Grave Creek Mound in Moundsville Adds To Exhibit

Photo by Drew Parker Hank Lutton, curator at Grave Creek Mound Archaeological Complex in Moundsville, explains new additions to “The Buried Past: Artifacts from West Virginia’s Wild and Wonderful History,” an exhibit at the complex.

The Grave Creek Mound Archaeological Complex is adding to its collection of ancient Native American artifacts.

In July, Sen. Shelley Moore Capito, R-W.Va., visited the complex’s Delf Norona Museum to view “The Buried Past: Artifacts from West Virginia’s Wild and Wonderful History,” a new exhibit showcasing artifacts recovered from 10 historic Mountain State sites. Last week, the West Virginia Division of Culture and History delivered 250 artifacts and decor from the private collection of former Parkersburg resident Henry Kelly for the exhibit, which opened to the public Tuesday.

The department also provided five wall banners featuring various petroglyphs related to West Virginia’s history.

According to Hank Lutton, a curator at the Grave Creek Mound Archaeological Complex, most of the artifacts are from what is now Wood County and predate recorded history.
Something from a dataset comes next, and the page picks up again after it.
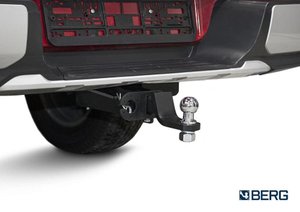 Изображение 3, F.4014.001 Устройство тягово-сцепное MITSUBISHI L200 (18-) без проводки (под квадрат) BERG
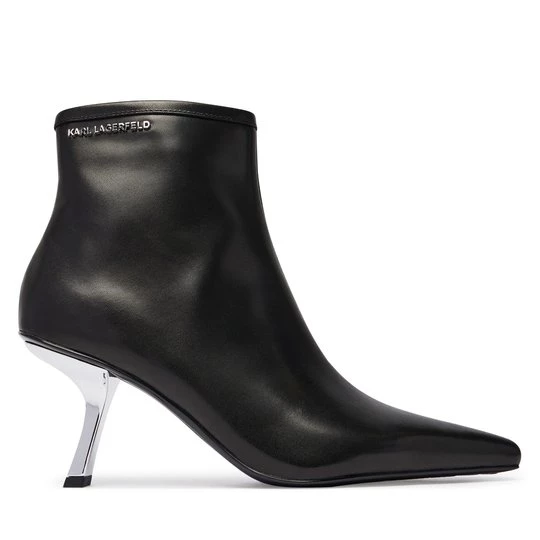 Obrázek produktu Polokozačky KARL LAGERFELD Karmel KL33635 Černá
He added the artifacts first were stored in Morgantown and then in Parkersburg before traveling to Moundsville.

“These artifacts are some of the earliest evidence of humans in West Virginia,” Lutton said. “Some of them are in the neighborhood of 11,000 to 12,000 B.C.”

Charles Morris, director of museums for the West Virginia Division of Culture and History, said the additions are important to the Moundsville exhibit.

“We conceptualized and completed the design and selected artifacts from various sites. The banner added to the design and draws people into the space when they walk into the museum,” Morris said. “We make sure anything we do for exhibition or preservation is not harming the items and that we are preserving them for future generations to come.”

Hutton added the museum may see updates this summer, near the end of the fiscal year. Results from geophysical surveys conducted on the mound by archaeologist Alex Corkum earlier this year also are expected to be completed by early 2017.